Each line of the data must be given back verbatim, with pictures removed.

┌─ GIVEN RECORDS

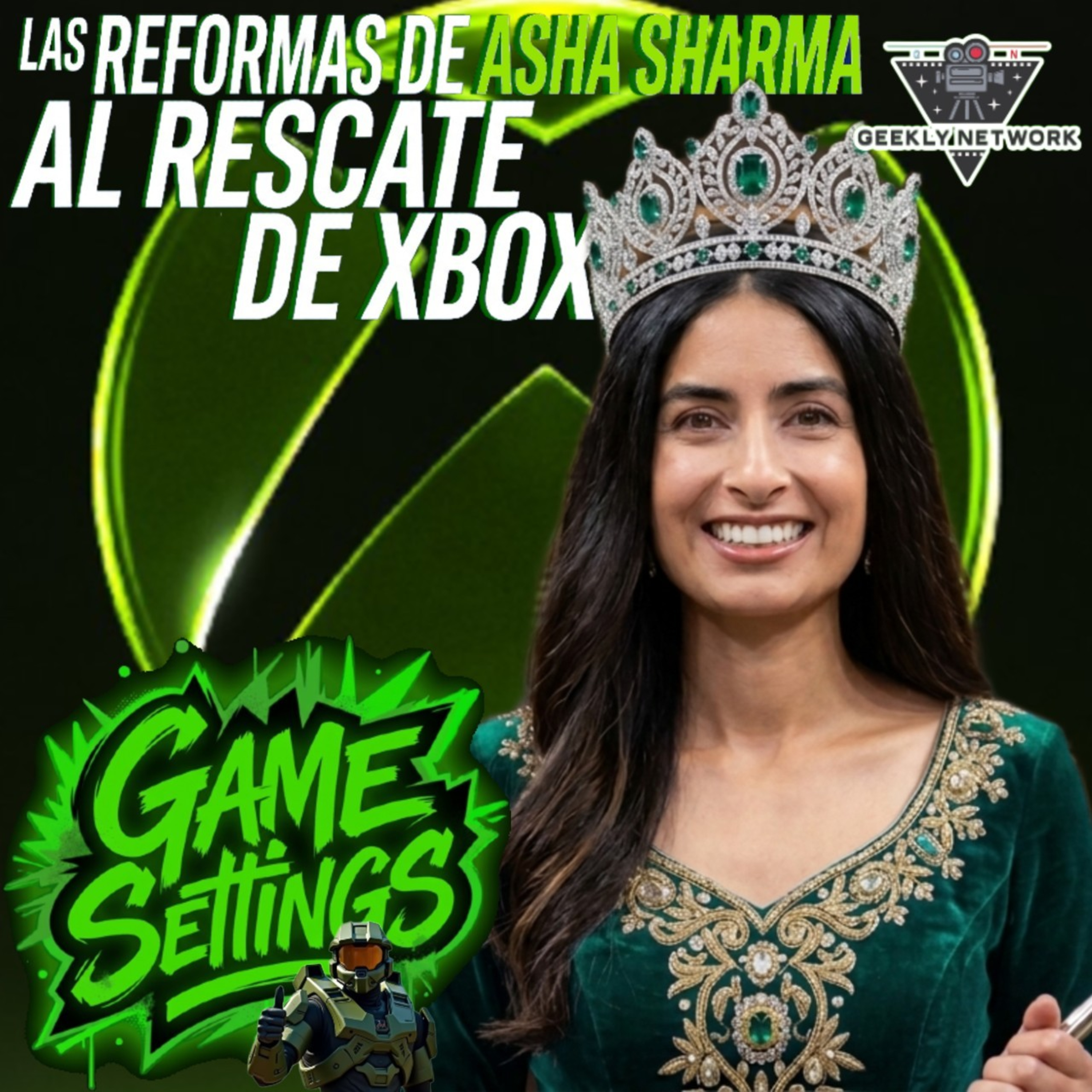 Portada de Game Settings Podcast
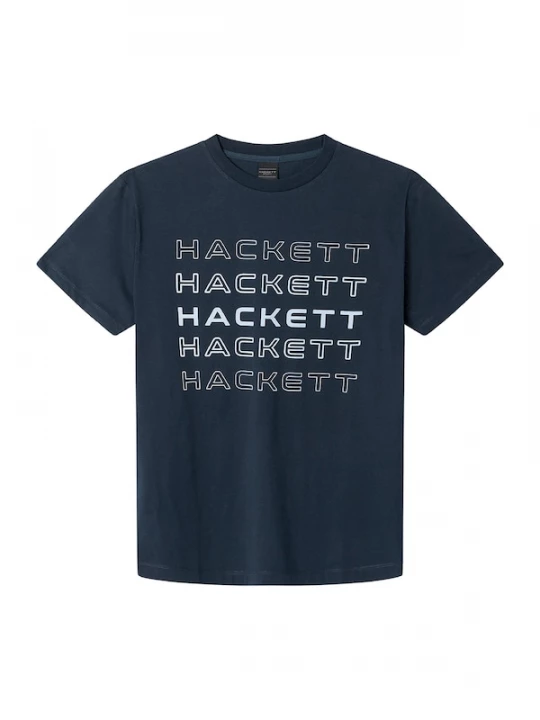 Foto van product Hackett London Shirt marine / wit
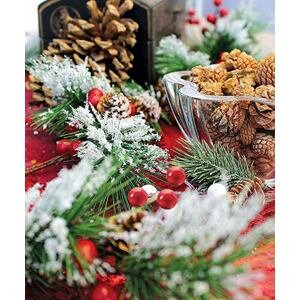 German Vánoční dekorace šišky, jehličí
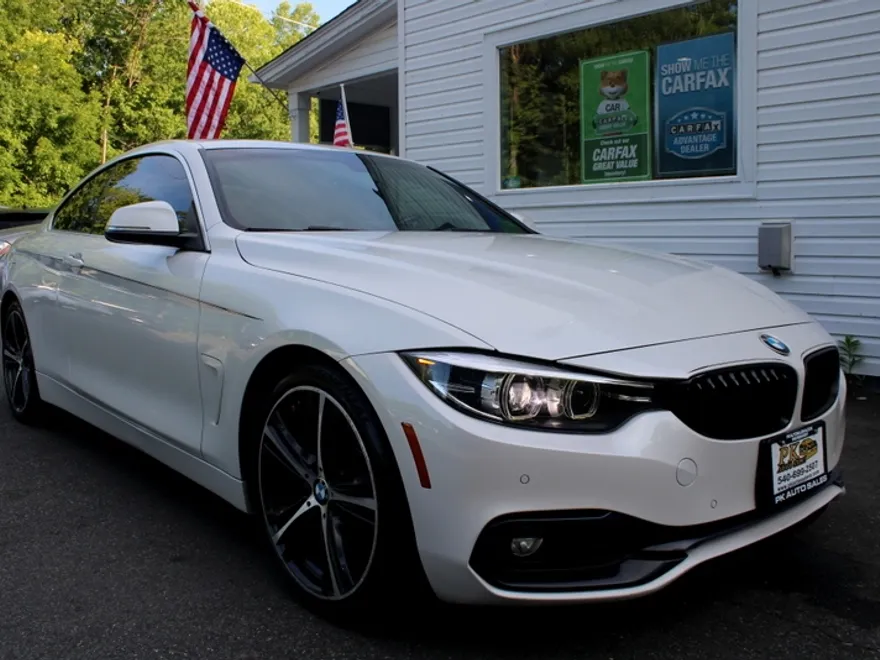 2018 Bmw 430i Coupe photo 1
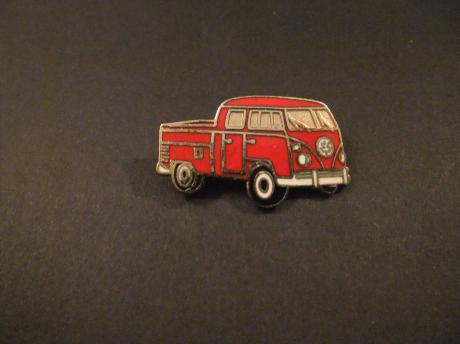 Volkswagen T2 Transporter (dubbele cabine)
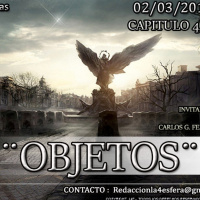 4x27 - LA CUARTA ESFERA - OBJETOS - AMARRES Y CONJUROS - AMULETOS POSITIVOS - OBJETOS MALDITOS - TESTIMONIOS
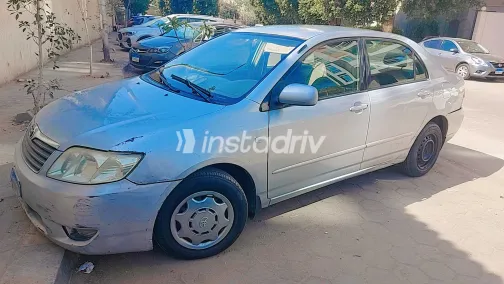 Toyota Corolla 2005 White Used for Sale - 4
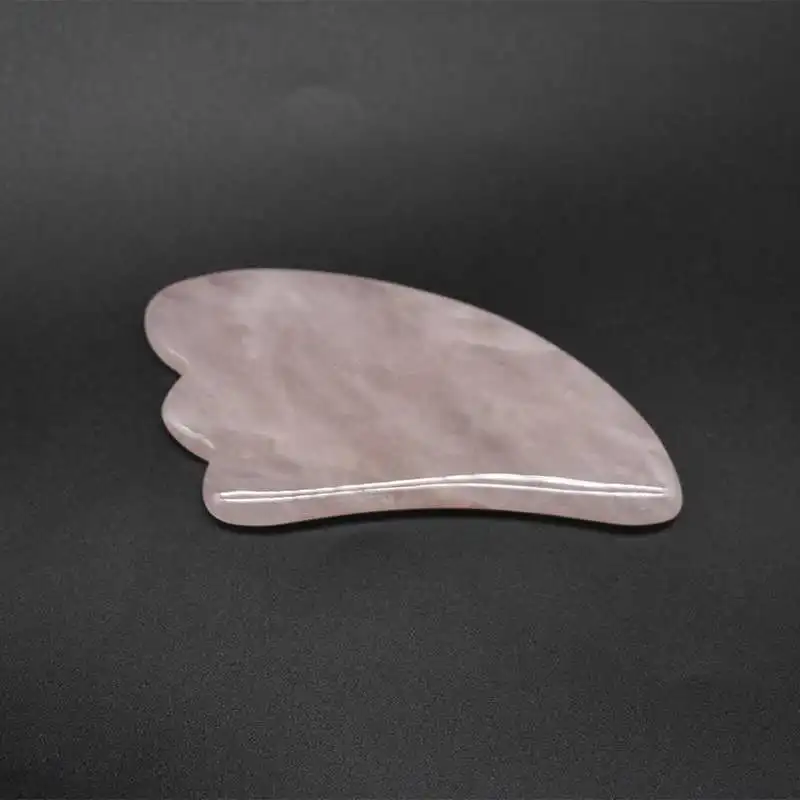 

Natural Crystal Massage Tool Gua Sha Board Facial Scraping Scrapping Plate Face Body SPA Massage Guasha Scraping For Neck Back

└─

EXERCISE RESULT:
 Portada de Game Settings Podcast
 Foto van product Hackett London Shirt marine / wit
 German Vánoční dekorace šišky, jehličí
 2018 Bmw 430i Coupe photo 1
 Volkswagen T2 Transporter (dubbele cabine)
 4x27 - LA CUARTA ESFERA - OBJETOS - AMARRES Y CONJUROS - AMULETOS POSITIVOS - OBJETOS MALDITOS - TESTIMONIOS
 Toyota Corolla 2005 White Used for Sale - 4

Natural Crystal Massage Tool Gua Sha Board Facial Scraping Scrapping Plate Face Body SPA Massage Guasha Scraping For Neck Back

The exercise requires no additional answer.